Aber abseits der regionalen Information und Unterhaltung in Erstausstrahlung bleiben in einem 24/7-Programmschema bei den Sendern der ARD sehr viele Stunden zu füllen.

Diese Frage ist sicher richtig gestellt, aber das meinte ich eben damit, dass ich mich nicht am Ist-Zustand abarbeiten möchte, sondern den Blick weiter nach vorne richten möchte, um von der Vision her zurückzuschauen, was das in den kommenden Jahren bedeutet. Gemeinsam mit den Gremien gilt es zu ermitteln, welche unserer Produkte wo am besten eingesetzt werden können. Das wäre fortschrittlicher als konkrete Verbreitungswege und jeden Kanal sozusagen bis zum Widerruf in einem Medienstaatsvertrag festzulegen. Aber nach dem, was man so lesen kann, ist das ja ein Thema, dass die Rundfunkkommission schon auf dem Radar hat.

Manche Sender wiederum versenden linear Programme, damit sie danach in der Mediathek abrufbar sind. Wenn medienpolitisch nicht eine lineare Ausstrahlung Voraussetzung wäre, bräuchte es einen Kanal wie One auch nicht oder?

Genau, das ist exakt ein Beispiel dafür, wo in der Zukunft Senderverantwortliche und Gremien gemeinsam entscheiden könnten.

Dann lassen Sie uns zum Schluss noch kurz über Radio sprechen.

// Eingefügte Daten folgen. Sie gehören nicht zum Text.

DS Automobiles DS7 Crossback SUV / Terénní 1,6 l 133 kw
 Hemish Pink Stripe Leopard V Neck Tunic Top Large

Sie schreiben in Ihrer Vision für 2030 „durch die neue grenzenlose Technik müssten nicht dutzende regionale Hörfunkwellen unterhalten werden“. Wie soll denn in dem Bereich eine Konzentration aussehen?

Wenn wir - in der angenommenen Vision 2030 - in einer Welt leben, in der Radio nicht mehr aufgrund von UKW-Frequenzen regional begrenzt ist sondern digital überall nutzbar wäre, stellt sich diese Frage ja automatisch. Dann ist die Situation in der jeweiligen Region eine andere und jeder ARD-Sender kann und muss sogar bei entsprechender Möglichkeit eines neuen Medienstaatsvertrages seinen Gremien selbst vorschlagen, welche Hörfunkprogramme linear einen großen Mehrwert haben und welche Genres besser on-demand aufgehoben sind. Den Anreiz, diese Diskussion zu führen, muss aber zunächst einmal der flexiblere medienpolitische Rahmen liefern. Wir müssen raus aus der Schwerfälligkeit, dass für die Entscheidung über Einstellung oder Schaffung eines Angebots Gesetze erlassen werden müssen. Eine gewisse Freiheit entfaltet dann automatisch eine Dynamik.

Herr Buhrow, herzlichen Dank für das Gespräch.